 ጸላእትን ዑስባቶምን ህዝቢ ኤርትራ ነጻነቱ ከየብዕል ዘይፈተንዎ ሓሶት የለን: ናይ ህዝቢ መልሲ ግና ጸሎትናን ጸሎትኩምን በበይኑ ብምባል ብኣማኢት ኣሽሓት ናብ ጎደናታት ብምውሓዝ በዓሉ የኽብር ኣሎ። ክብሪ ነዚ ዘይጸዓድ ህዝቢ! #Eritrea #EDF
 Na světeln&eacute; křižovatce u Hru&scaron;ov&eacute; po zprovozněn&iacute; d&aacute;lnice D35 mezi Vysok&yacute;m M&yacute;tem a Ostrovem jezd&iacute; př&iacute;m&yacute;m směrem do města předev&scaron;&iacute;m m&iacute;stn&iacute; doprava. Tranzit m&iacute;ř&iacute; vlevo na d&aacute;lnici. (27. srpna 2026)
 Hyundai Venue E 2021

--

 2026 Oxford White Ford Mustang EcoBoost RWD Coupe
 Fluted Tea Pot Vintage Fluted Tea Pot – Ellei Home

==

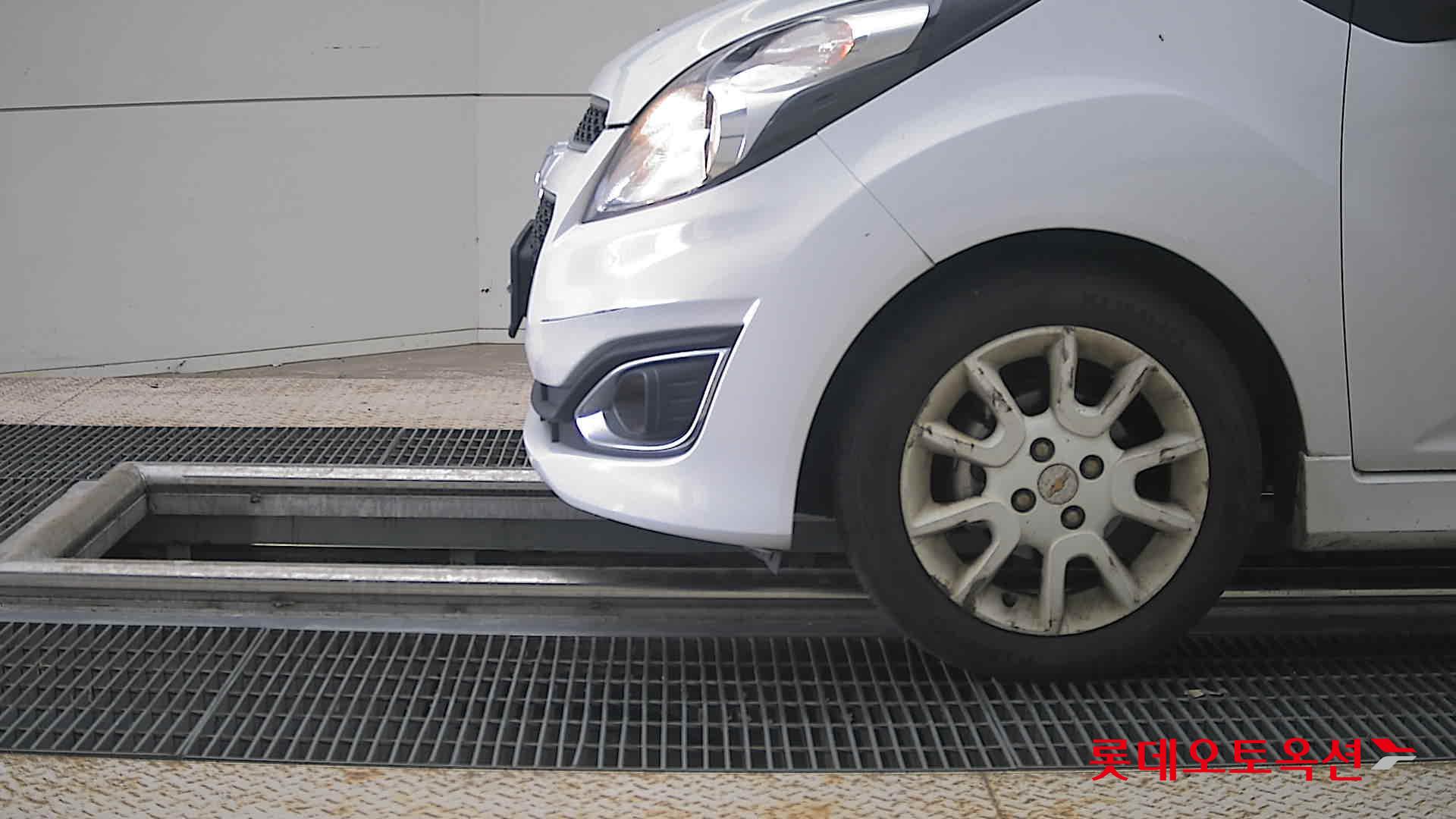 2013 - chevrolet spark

(Activity):
Could you return exactly the lines above from the line with "2026 Oxford White" to the line with "Fluted Tea Pot Vintage", both included, and nothing else?

(Answer below):
 2026 Oxford White Ford Mustang EcoBoost RWD Coupe
 Fluted Tea Pot Vintage Fluted Tea Pot – Ellei Home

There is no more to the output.